What is it? It’s an anomaly detector — initially intended just to monitor for potential dropped tags:
- 12 weeks of daily data
- ~80 events and then total pageviews for three different segments
- A comparison to the total for each metric for the most recent day to the median absolute deviation (MAD) for that event/pageviews for the same day over the previous 12 weeks
- “White” means the event has no data. Green means that that day of the week looks “normal.” Red means that day of the week looks like an outlier that is below the typical total for that day. Yellow means that day of the week look like an outlier that is above the typical total for that day (yellow because it’s an anomaly…but unlikely to be a dropped tag).
On my most generous of days, I’d give this a “C” when it comes to the visualization. But, it’s really a first draft, and a final grade won’t be assessed until the end of the semester!
It’s been an interesting exercise so far. For starters, this is a less attractive, clunkier version of something I’ve already built in Excel with Report Builder. There is one structural difference between this version and the Excel version, in that the Excel version used the standard deviation for the metric (for the same day of week for the previous 12 weeks) to detect outliers. (MAD calculations in Excel require using array formulas that completely bogged down the spreadsheet.) I’m not really scholastically equipped to judge…but, from the research I’ve done, I think MAD is a better approach (which was why I decided to tackle this with R in the first place — I knew R could handle MAD calculations with ease).

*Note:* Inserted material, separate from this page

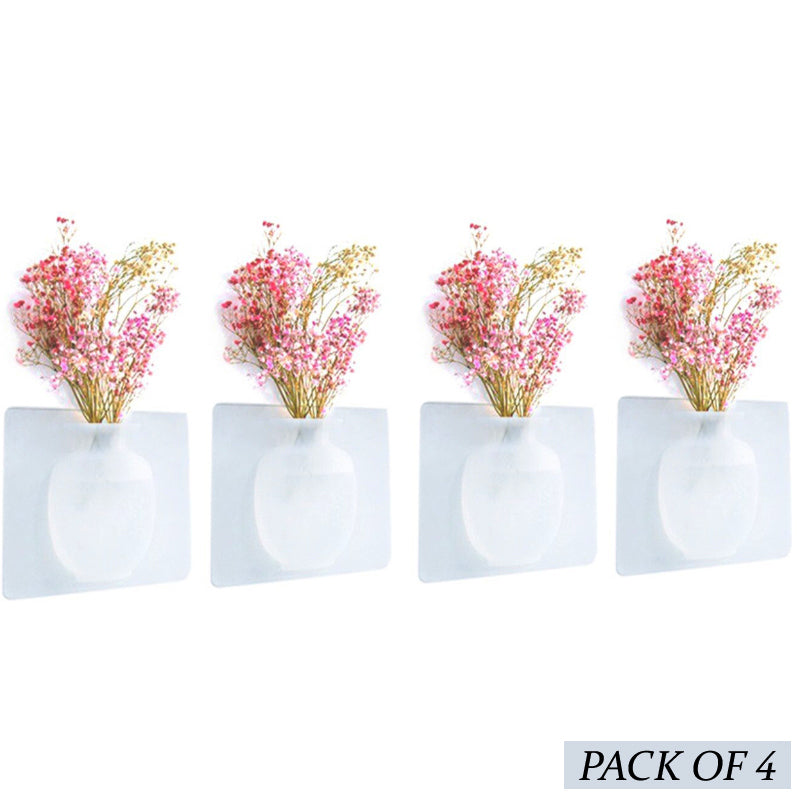 4 PCs Wall Mounted Sticky Vases – Decorative Flower Display Plant Holders for Home Wall Decor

What have I learned along the way (so far)? Well:
- RSiteCatalyst is a kind of awesome package. Given the niche that Randy Zwitch developed it to serve
, and given that I don’t think he’s actively maintaining it…I had data pulling into R inside of 30 minutes from installing the package. [Update 04-Feb-2016: See Randy’s comment below; he is actively maintaining the package!] - Adobe has fewer security hoops to get data than Google. I just had to make sure I had API access and then grab my “secret” from Adobe, and I was off and running with the example scripts.
- ggplot2 is. A. Bear! This is the R package that is the de facto standard for visualizations. The visualization above was the second real visualization I tried with R (the first was with Google Analytics data and some horizontal bar charts), and I have yet to even grok it in part (much less grok it in full). From doing some research, the jury’s still a little out (for me) as to whether, once I’ve fully internalized themes and aes() and coord_flip and hundreds of other minutia, whether I’ll feel like that package (and various supplemental packages) really give me the visualization control that I’d want. Stay tuned.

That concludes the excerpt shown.